All this changed some time ago when an entire archive of her correspondence and notes was discovered gathering dust at the Bibliothèque Nationale in Paris, and the Biblioteca Moreniana in Florence. Work by David Pengelley and others has revealed ambition, excellence and original technique in Germain, none of which was hinted at in any of the previously available literature.

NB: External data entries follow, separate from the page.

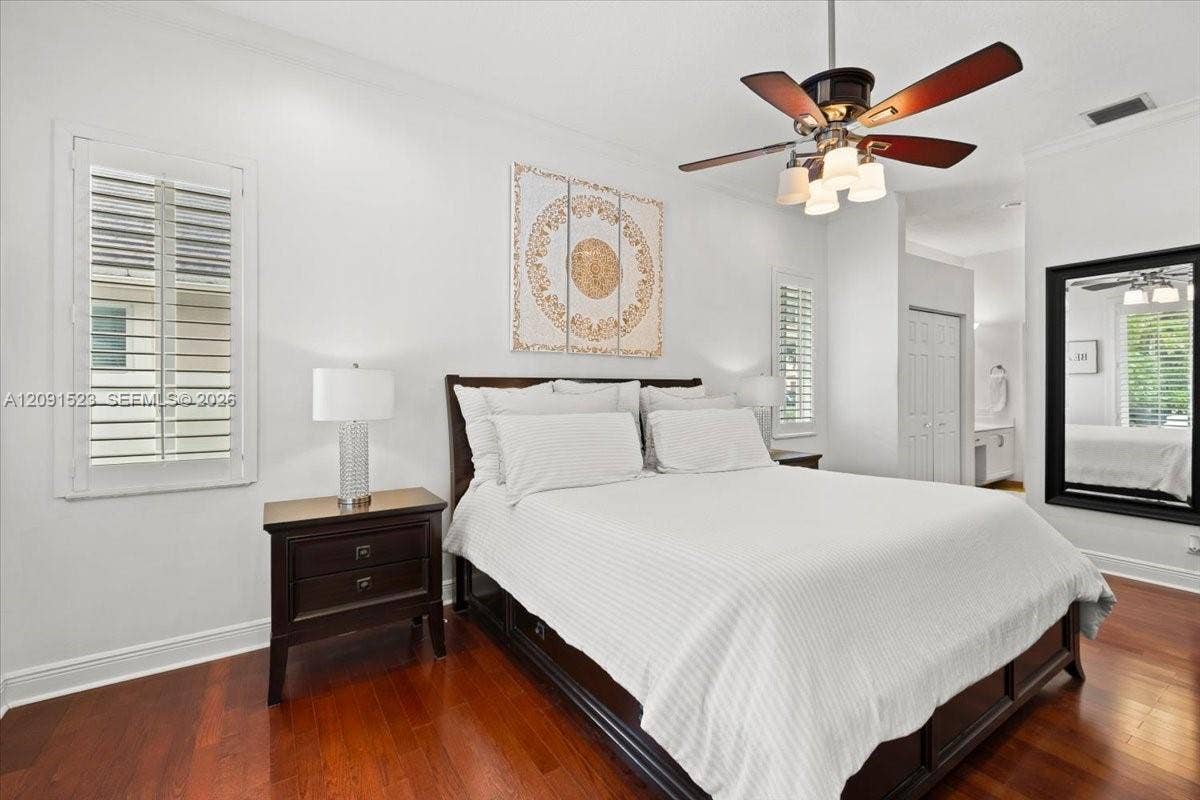 6982 Coronado Way, Pembroke Pines, FL 33331 Primary Bedroom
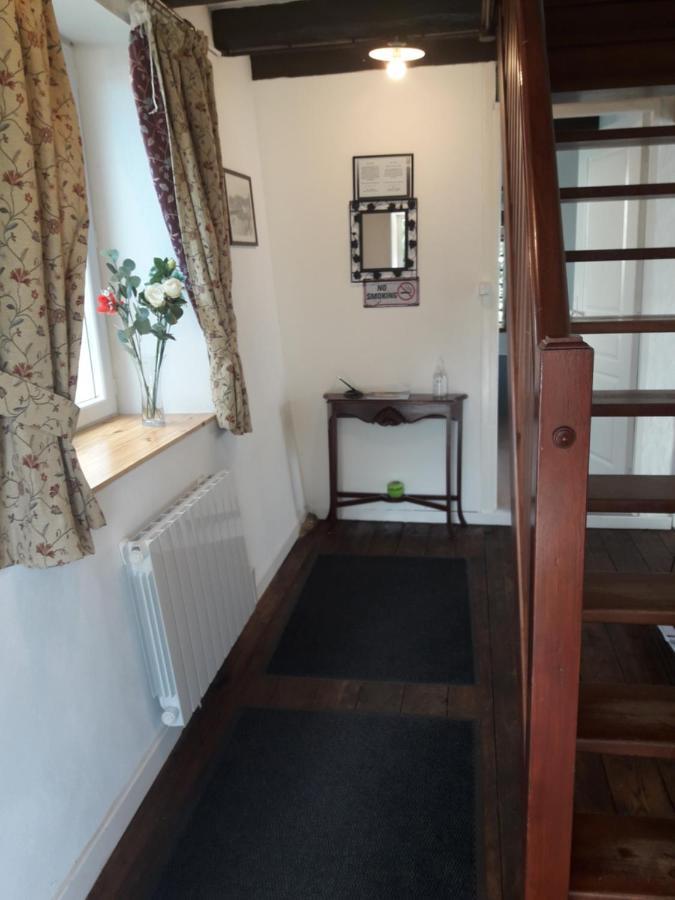 Rose View Cottage Le Cambout Luaran gambar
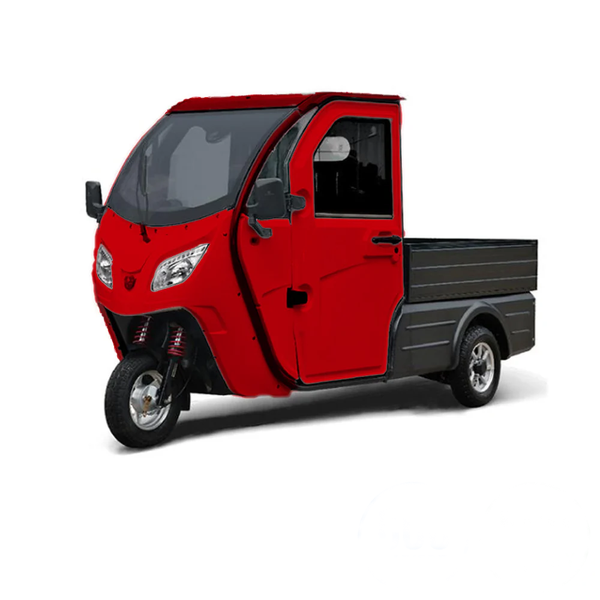 BULLBIKE Mainz Cargo E-Lastendreirad 600W 60V 100Ah 25 km/h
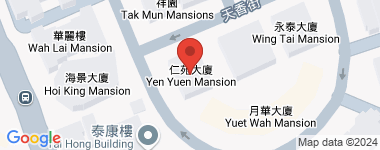仁苑大廈 低層 D室 物業地址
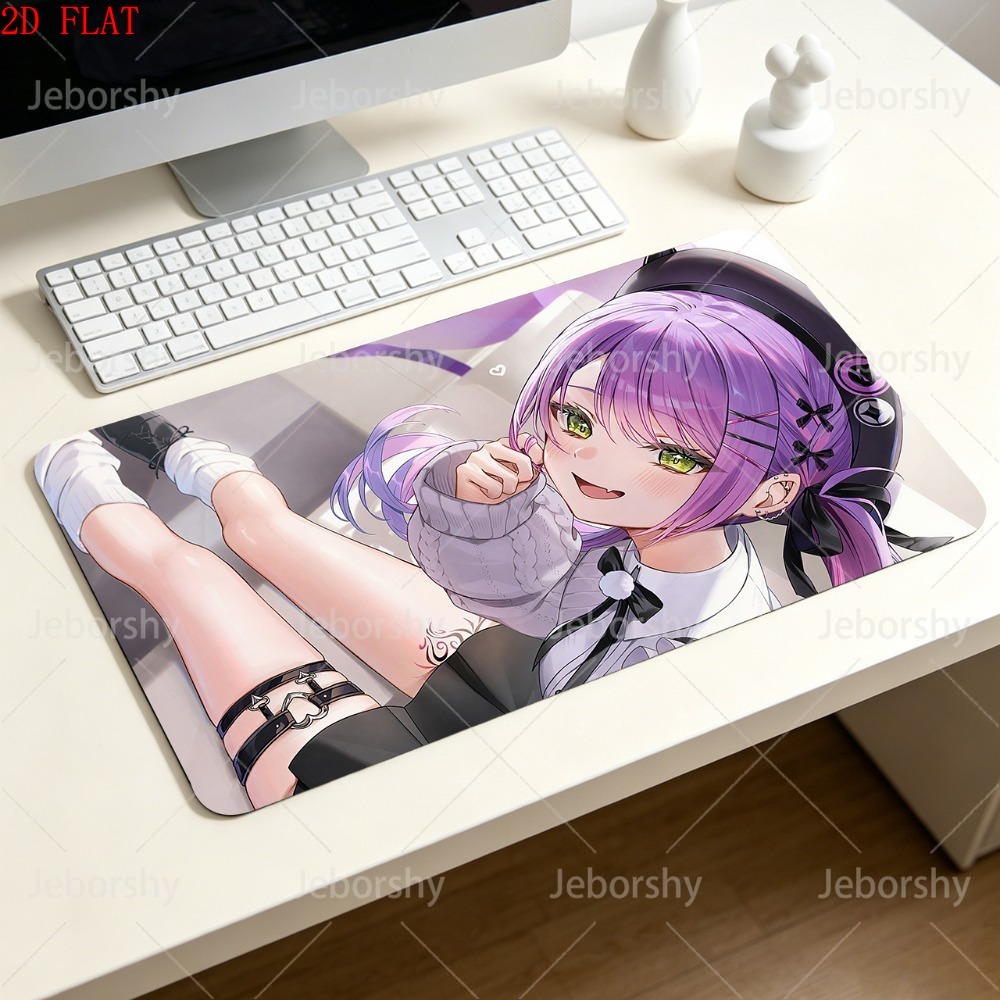 Mouse Pad Hololive Tokoyami To - مراجعة Tradescantia Purple وسعره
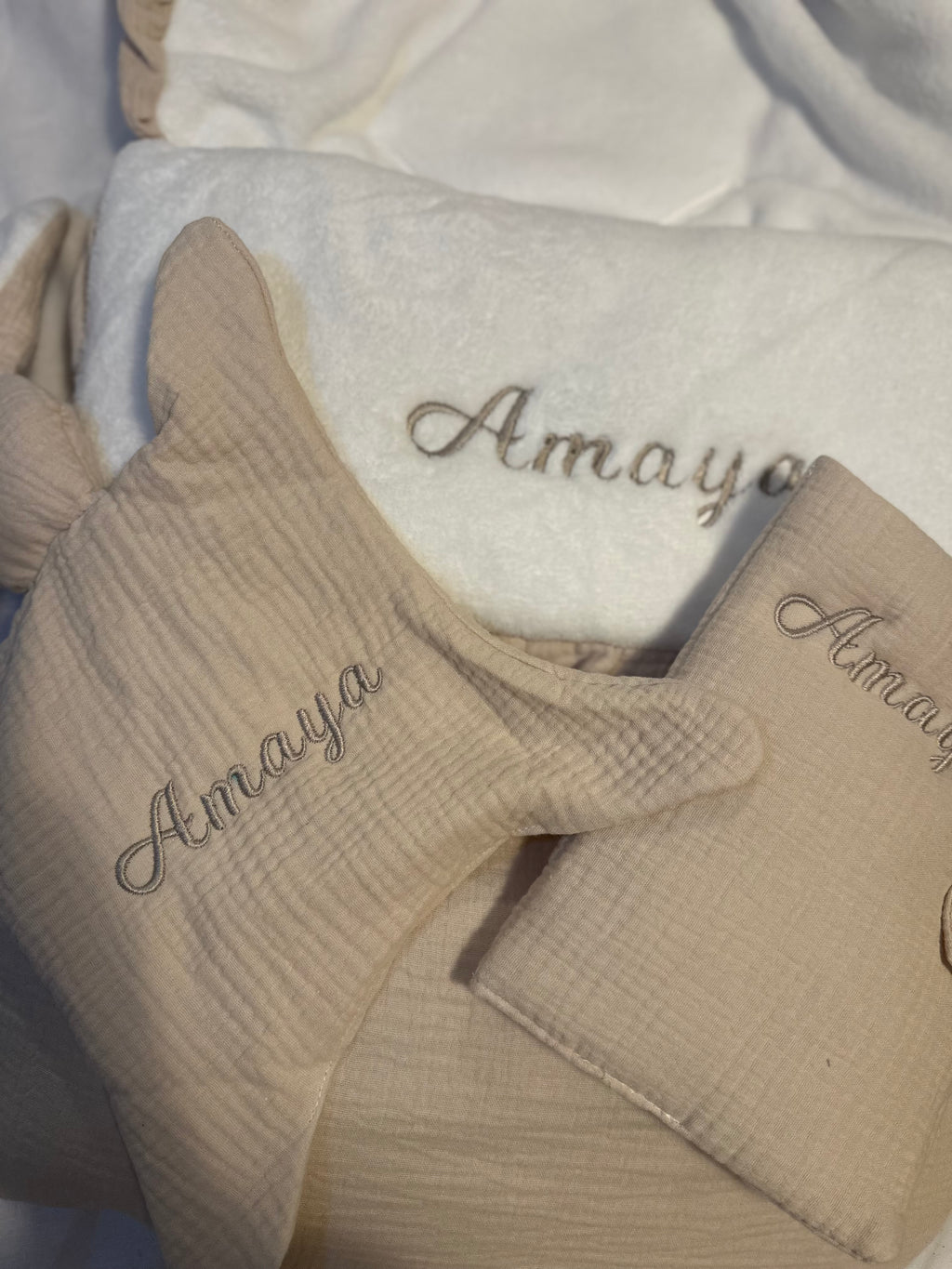 Coffret naissance première sortie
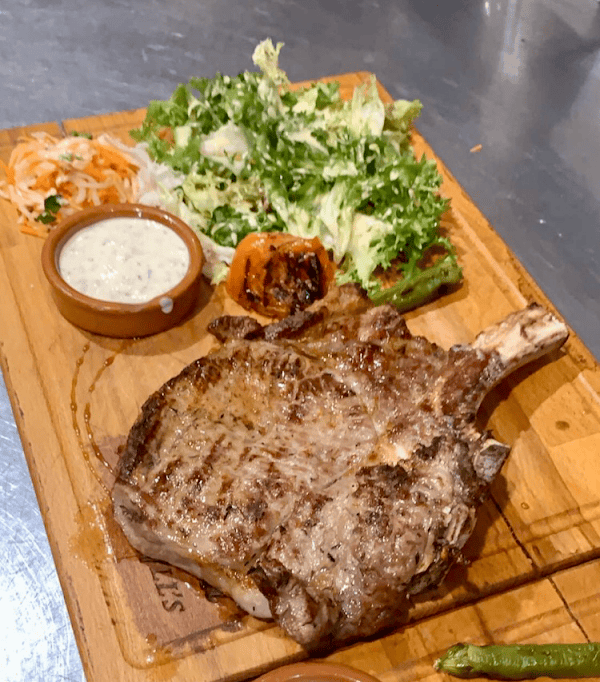 Restaurant Kosem grill à Vaulx-en-Velin, France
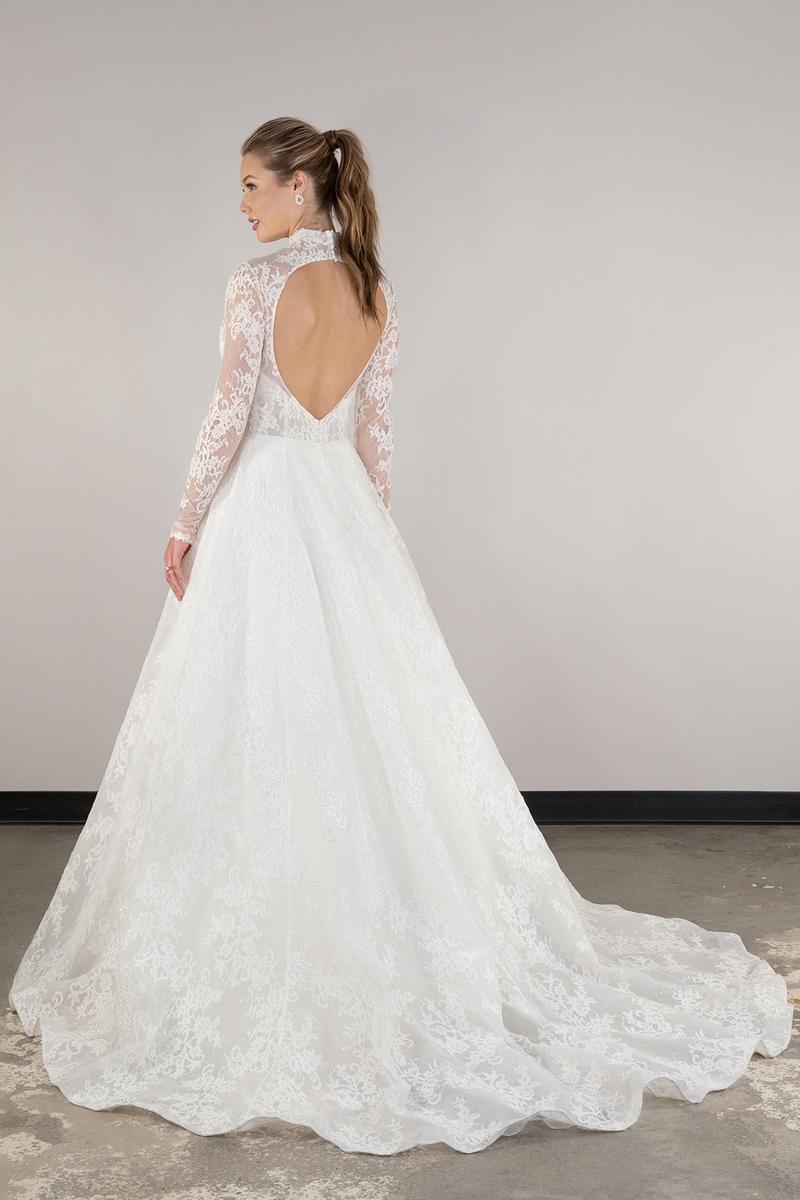 Essense Bridal Collection Style Number D4029SS - 4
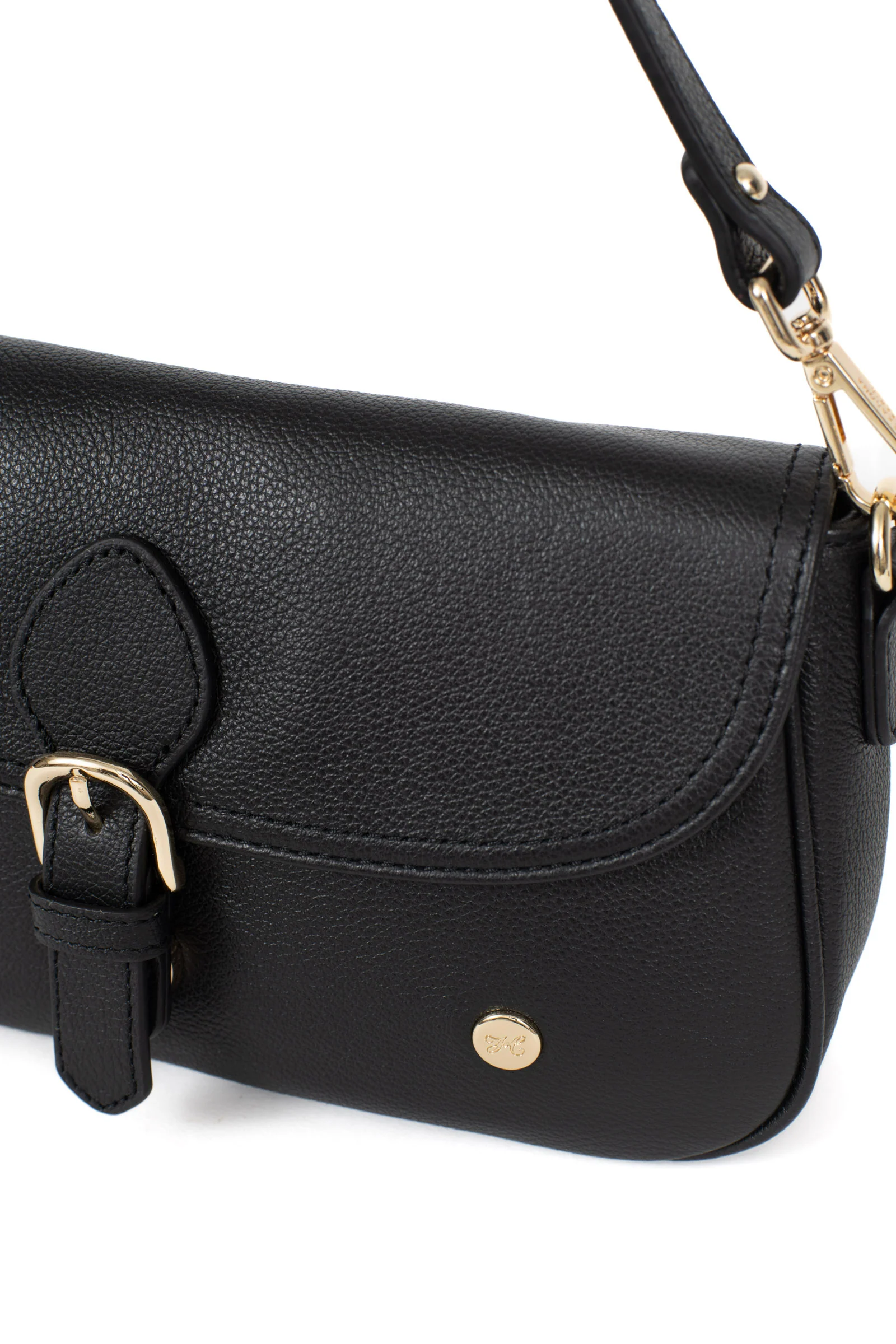 Sac porté épaule 1 anse - Cuir - Image 11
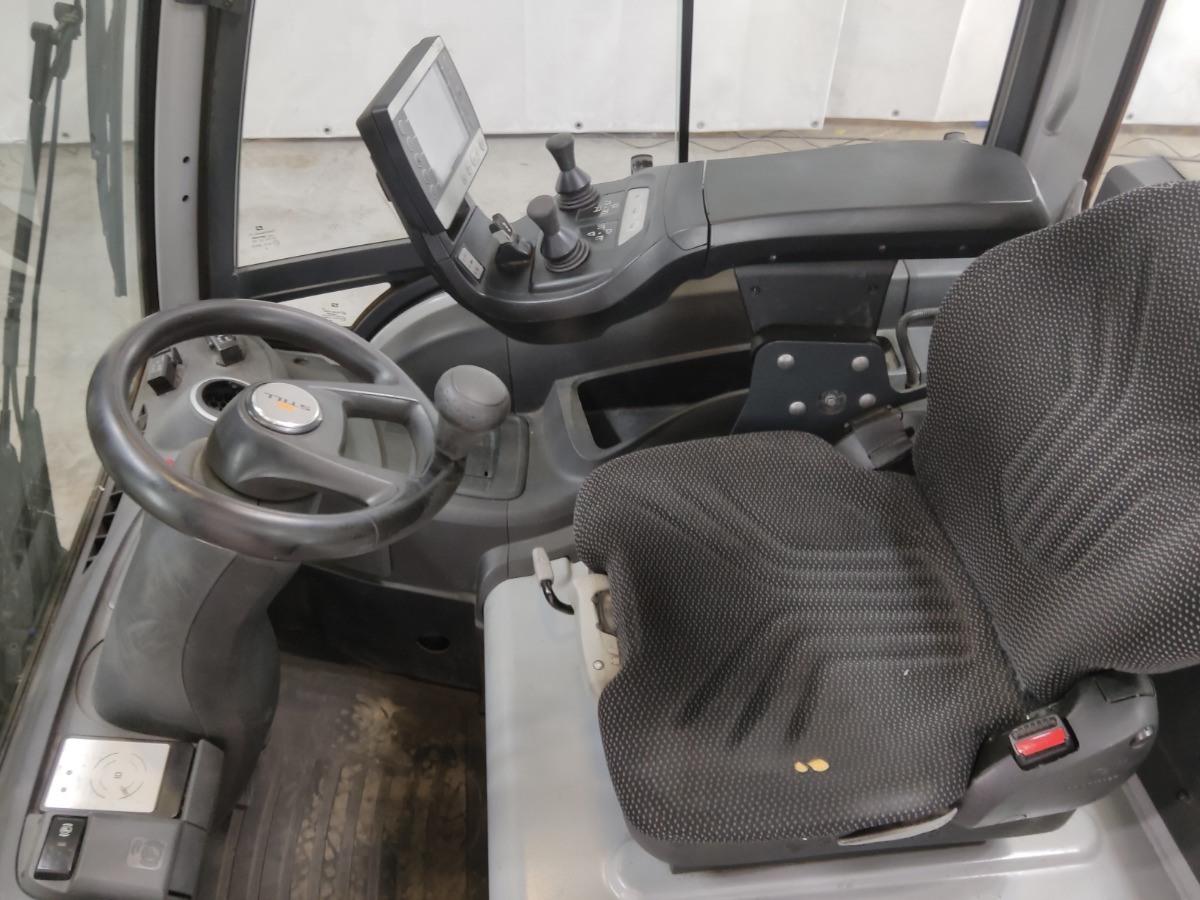 Still RX20-16 - Електрокар: снимка 3 Still RX20-16 - Електрокар: снимка 3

In contrast to Legendre's approach towards the FLT, she had a novel method of attack - quite breath-taking in its scope at the time, although now known to be flawed. Remarkably, (as Laubenbacher and Pengelley state in their paper2), she makes no mention of the theorem that made her famous. Indeed, it appears from a letter she wrote to Gauss in 1819, her intention was to conquer FLT in one shot, rather than in the enumerative fashion that had been the vogue till then. As Laubenbacher and Pengelley say:
It requires that, for a given prime exponent p, one establish infinitely many auxiliary primes each satisfying a non-consecutivity condition on its p-th power residues (note that this condition is the very same as one of the two hypotheses required in Sophie Germain's Theorem for proving Case 1, but there one only requires a single auxiliary prime, not infinitely many). She writes that she has worked long and hard at this plan by developing a method for verifying the condition, made great progress, but has not been able to bring it fully to fruition (even for a single p) by verifying the condition for infinitely many auxiliary primes. She also writes that she has proven that any solutions to a Fermat equation would have to frighten the imagination with their size. And she explains in broad outline all her work on the problem.
To be fair, she did later realise the lacunae in her work, which were also pointed out by her friend, the mathematician Guglielmo Libri3 (of whom much, much more needs to be said). On the other hand, her programme shows much sophistication and a deep understanding of the subject. The tragedy, once again, was that despite her correspondence with some of the finest mathematicians of the time, she worked essentially in isolation. The likes of Legendre and Gauss who mentored her when she started tended to distance themselves as they moved onto other fields of research. Her impressive work does not seem to have been disseminated widely, and was unknown even to her friends. How much frustration she would have felt! What she would have achieved with the education and resources available to men of her generation! And yet she remained sanguine:
I will give you a sense of my absorption with this area of research by admitting to you that even without any hope of success, I still prefer it to other work which might interest me while I think about it, and which is sure to yield results.4

References

1. Sophie Germain's Theorem. For an odd prime exponent p, if there exists an auxiliary prime q such that there are no two nonzero consecutive p-th powers modulo q, nor is p itself a p-th power modulo q, then in any solution to the Fermat equation zp = xp + yp, one of x, y, or z must be divisible by p2.

2. “R. Laubenbacher, D. Pengelley, "Voici ce que j'ai trouvé:”Sophie Germain's grand plan to prove Fermat's Last Theorem". July 4, 2007.

3. A. Del Centina, A. Fiocca, Giunia Adini,and Maria Luisa Tanganelli, L'archivio di Guglielmo Libri dalla sua dispersione ai fondi della Biblioteca Moreniana = The archive of Guglielmo Libri from its dispersal to the collections at the Biblioteca Moreniana, L. S. Olschki, Firenze, 2004.

4. Sophie Germain, Letter to Gauss, 1819.